U.S. Life Saving Service Exhibit: Rare documents; station log books; uniform medals and buttons; complete 39-volume set of annual USLSS reports from 1876 to 1914; Lyle gun; coston cannister; patrolman “checks” and much more!
Rare post-card collection of New Jersey towns, USLSS stations, lighthouses and other maritime-related fields.
Extensive research library, consisting of hundreds of rare, out-of-print books, Sailor’s Magazine and Naval Journal, shipwreck files and photographs.
Pre-historic fossils recovered from the inter-continental shelf off the New Jersey coast on loan.
Antique navigational equipment, including taffrail logs, speaking trumpet, chronograph, compass, inclinometer, etc.
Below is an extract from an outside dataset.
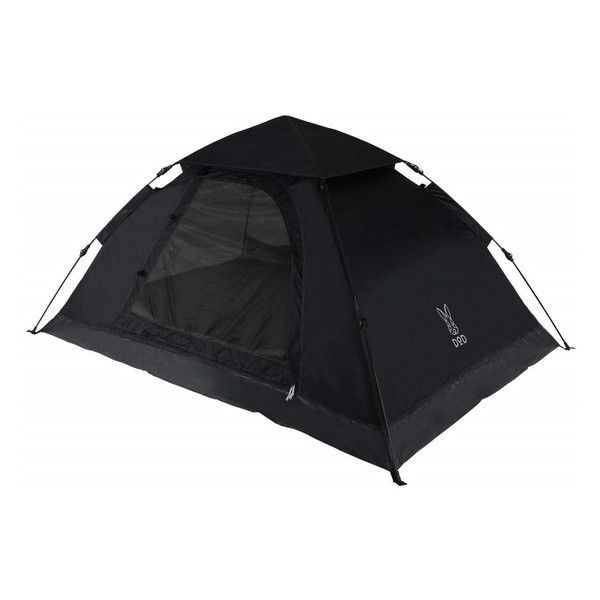 ワンタッチテント dod」の人気商品一覧 | 安い商品を通販サイトから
Photographs of Beach Haven’s 1930’s head-boats by renowned photographer Dave Gurtcheff, along with classic scenes of yesteryear Beach Haven and other New Jersey coastal communities.
Large number of shipwreck artifacts recovered from various wreck sites off the New Jersey coast by well-known members of the diving community.
Antique china and silver depicting coastal towns, life-saving stations and lighthouses along the New Jersey coast.
The most extensive Morro Castle shipwreck exhibit ever seen, including: rare photographs, original 1934 video news footage of the disaster; an authenticated life-vest worn by one of the survivors; original Acme News media photos; autographed menus; 1934 newspaper accounts; stateroom keys; rescuer notes; inscribed tokens, rescuer notes and much more.
Antique diving gear, including a Mark V Navy diving outfits; rebreather, double hose regulators, etc.
Beautiful china plates, platters, pitchers and other artifacts recovered from the 1827 wreck of the Aurora off Sandy Hook.
The Robert J Walker was an iron-clad side-wheel steamer assigned to the US Coast Survey to chart the coast of the United States. Walker sank on June 21, 1860 after a collision with Fanny 12 miles east of Absecon Beach. The Coast Survey is now part of the National Oceanic and Atmospheric Administration (NOAA). The wreck of the Walker has been identified and surveyed by NOAA and local divers. The NJ Maritime Museum is honored to be the only location to have a permanent exhibit of the Walker and some of her artifacts.
We are grateful to several persons who have donated collections of 19th century shipbuilding tools. Viewing these tools helps our visitors to understand how those huge wooden ships were built by shipwrights using these hand tools.
Like it or not, sharks are a part of New Jersey’s maritime history. The most famous are the shark attacks that killed two people during the summer of 1916. The 1916 shark attacks will be the theme of the 2016 museum fundraiser next September.